Secondo te il chick-lit lo leggono solo (o soprattutto) le donne? Oppure può esserci un interesse maschile per quel tipo di storia?

Credo di sì. È un tipo di lettura prevalentemente femminile. Anche se devo dire che i miei due romanzi sono stati letti da parecchi uomini. Forse perché speravano di carpire qualche segreto sulle gattemorte… chissà se ci sono riusciti. Il secondo invece era una specie di thriller quindi poteva essere letto da chiunque.

 

Un parere da addetta ai lavori sull’editoria italiana. Che ne pensi, in generale?

Difficile domanda. Penso che purtroppo ci sia sempre meno gente che ama leggere nonostante si pubblichino dei bei libri. Io non credo sia tutta colpa del fatto che si hanno meno soldi, anche se questo ovviamente incide.
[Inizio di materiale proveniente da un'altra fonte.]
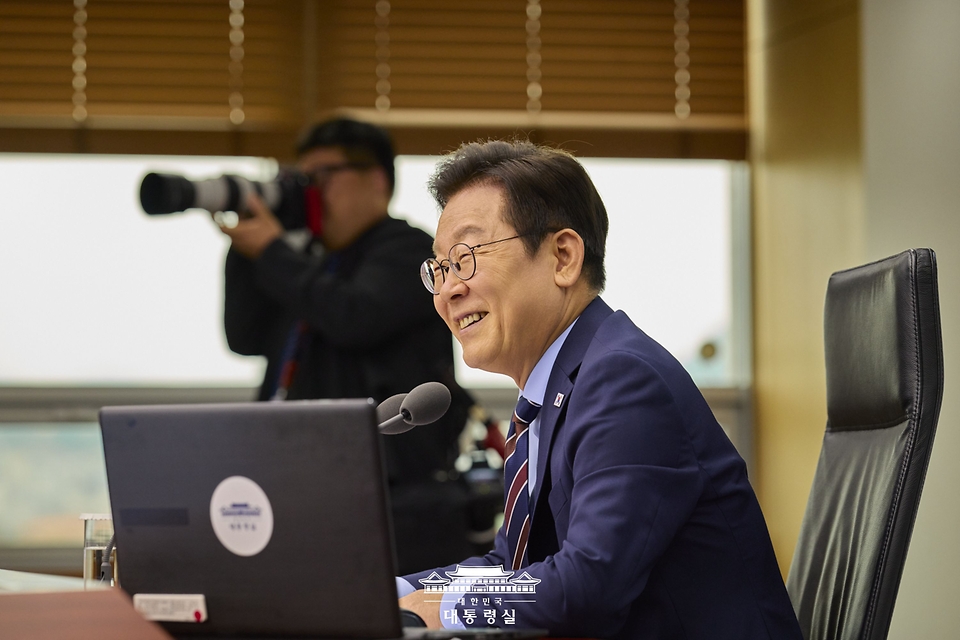 이재명 대통령이 2일 서울 용산 대통령실 청사에서 열린 수석·보좌관회의에서 발언하고 있다.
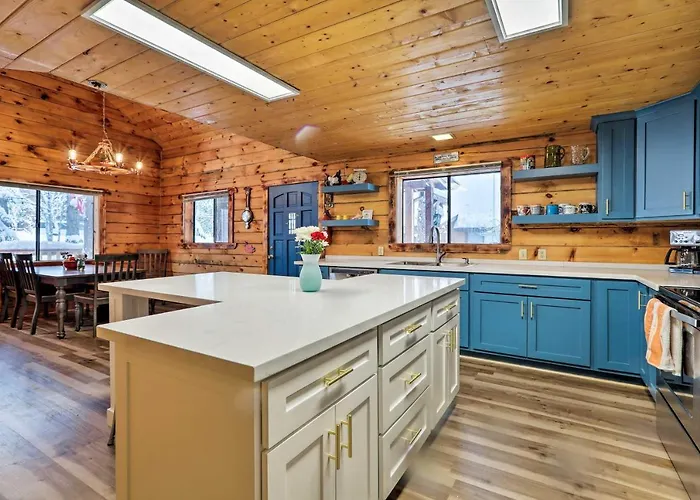Holiday home Furnished Deck: In Coconino National Forest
Credo piuttosto che i social network abbiano portato via molto tempo, troppo. Si trascorre più tempo ad aggiornare il profilo, a postare foto del pranzo e a sbirciare quello che fanno gli altri che a leggere…

 

E cosa ama leggere Chiara Moscardelli?

Amo moltissimo i classici. Ultimamente sto riscoprendo I promessi sposi che al liceo ho odiato. Invece è divertentissimo. Per il resto sono onnivora: da Joe Lansdale a Don Winslow leggo tutto.

 

Hai già nuovi progetti letterari in cantiere?

Sì, progetti tanti, tempo per realizzarli pochi, purtroppo.

 

Grazie per il tuo tempo e le tue risposte.